When it comes to Elasticsearch monitoring, these excellent solutions are available. Some are free, others require a commercial license, and some sit somewhere in between, offering some features for free and requiring a license for others. All options mentioned in this post are viable from our experience, so when it comes to selecting a monitoring solution for your cluster, it comes down to personal preference and your specific needs.

Due to our extensive experience with Elasticsearch and after using many different tools over the years, we developed and currently use Pulse ourselves for most use cases. The main advantage of Pulse is that it includes the capability for monitoring and alerting and gives actionable insights about the Elasticsearch cluster. From our experience, this is something that cannot be underestimated. Too often, engineers are plagued with a situation where the problem is known, but there is no idea what caused it, how to fix it, and how to prevent it from occurring again. Understanding the cause and effect of a failure and implementing a solution can sometimes take hours or even days. In these cases, having those expert tips can save time and money and zero in on the issue's root cause faster.

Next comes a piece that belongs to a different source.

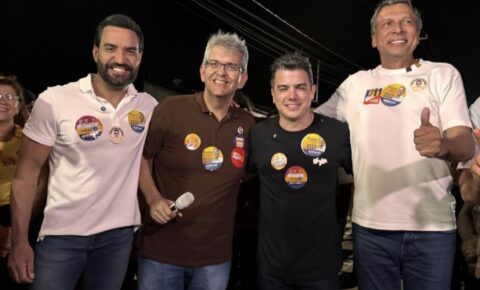 Após apoio a Aguinaldo, Ricardo Barbosa define voto para estadual e entra na campanha de Dudu Soares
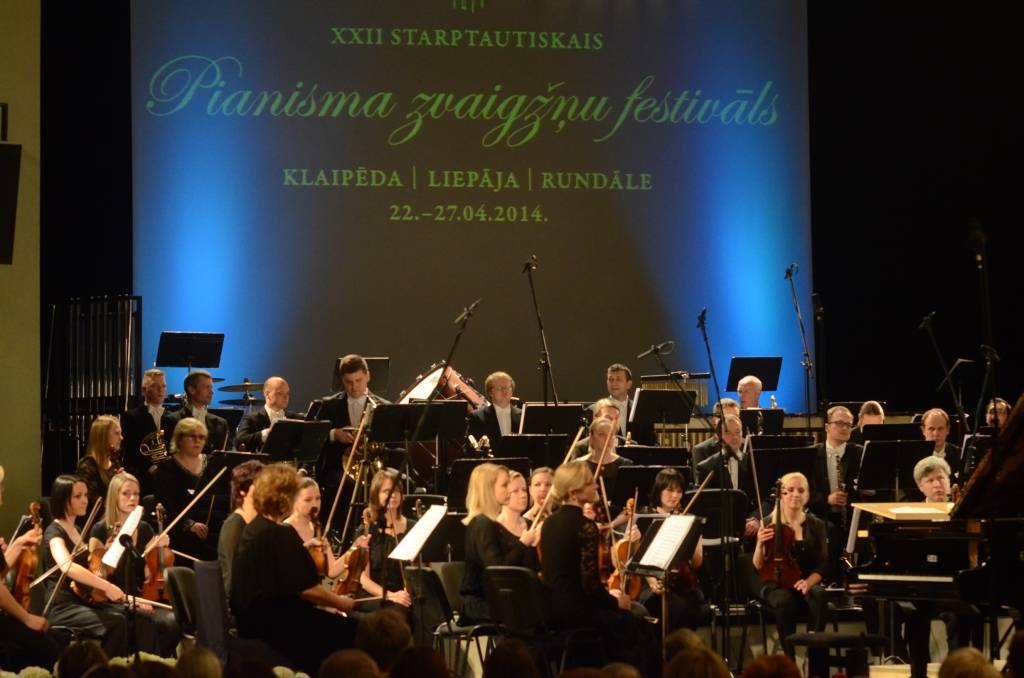 FOTO.VIDEO: Ar skaļiem aplausiem Liepājā atklāj XXII Starptautisko Pianisma zvaigžņu festivālu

Another first-rate alternative would be to stick with the default tool, Kibana. This is especially true when you’re using a hosted Elasticsearch solution like Elastic Cloud, seeing as in Elastic Cloud the product is already part of the Elastic Stack and offers all the capabilities and licensed features out of the box.

As the best free and open-source monitoring solution, we recommend Grafana.

If you do not have cost concerns and would rather opt for a more commercial, full observability platform that encompasses not only your Elasticsearch clusters but also your applications, logs, and metrics, then New Relic or Datadog is the way to go.

We hope this helps you make better-informed decisions about your Elasticsearch monitoring needs.